[PROBLEM REQUIREMENTS]: Under this line is a listing; return exactly the lines starting at the one with "Le kumquat - conseils" and running down to the one with "Organic Cat Grass", and leave out its pictures.

[RECORDS SUPPLIED]:
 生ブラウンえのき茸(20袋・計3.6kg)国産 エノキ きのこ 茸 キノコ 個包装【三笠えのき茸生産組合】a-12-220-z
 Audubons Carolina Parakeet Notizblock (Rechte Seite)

* * *

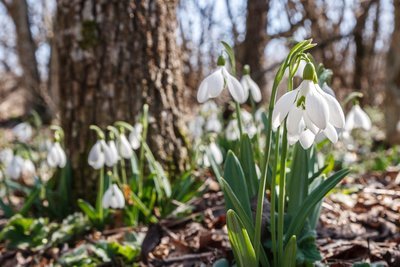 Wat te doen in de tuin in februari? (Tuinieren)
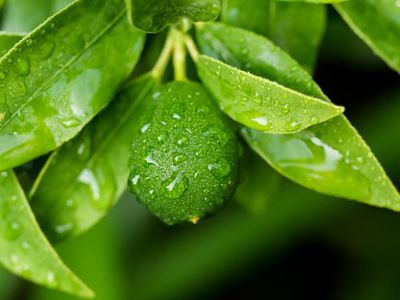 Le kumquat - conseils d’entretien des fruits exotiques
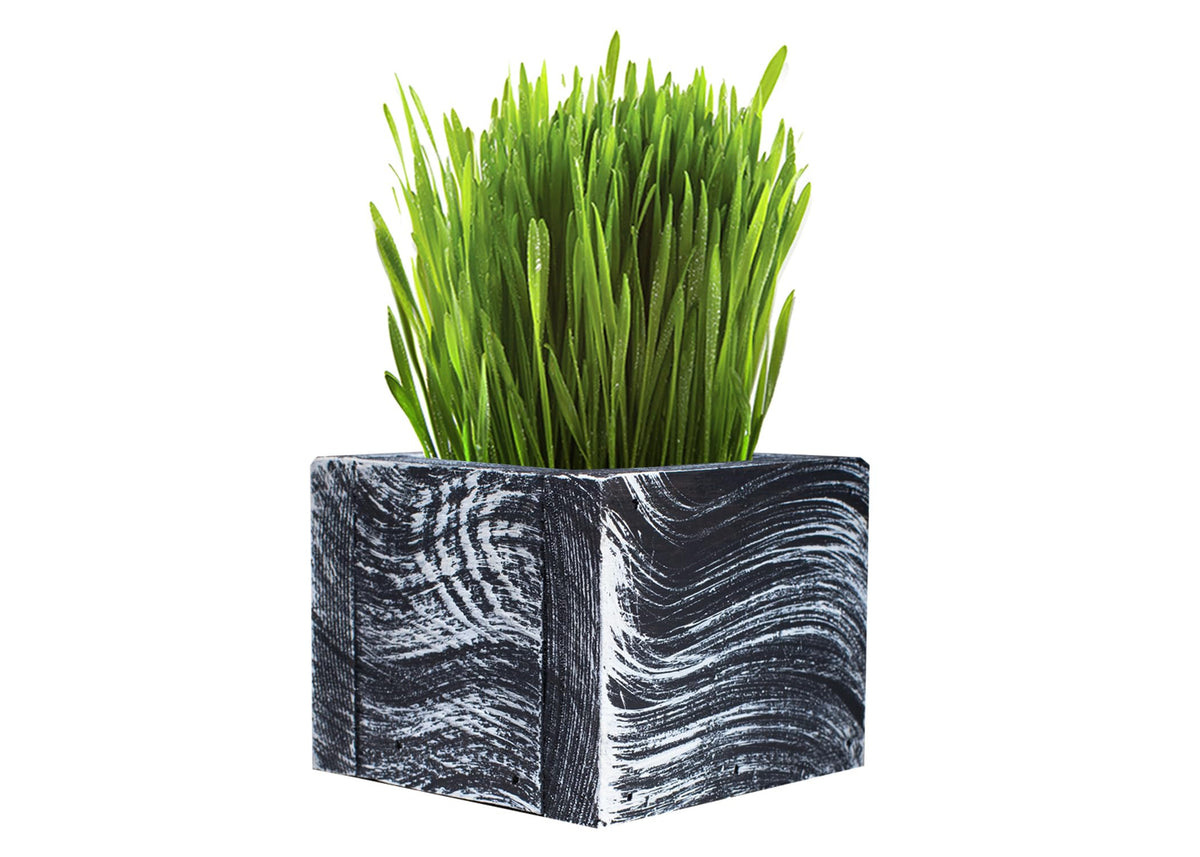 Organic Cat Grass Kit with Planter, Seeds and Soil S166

---

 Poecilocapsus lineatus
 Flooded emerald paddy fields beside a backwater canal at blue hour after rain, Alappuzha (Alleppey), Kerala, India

[WRITTEN SOLUTION]:
 Le kumquat - conseils d’entretien des fruits exotiques
 Organic Cat Grass Kit with Planter, Seeds and Soil S166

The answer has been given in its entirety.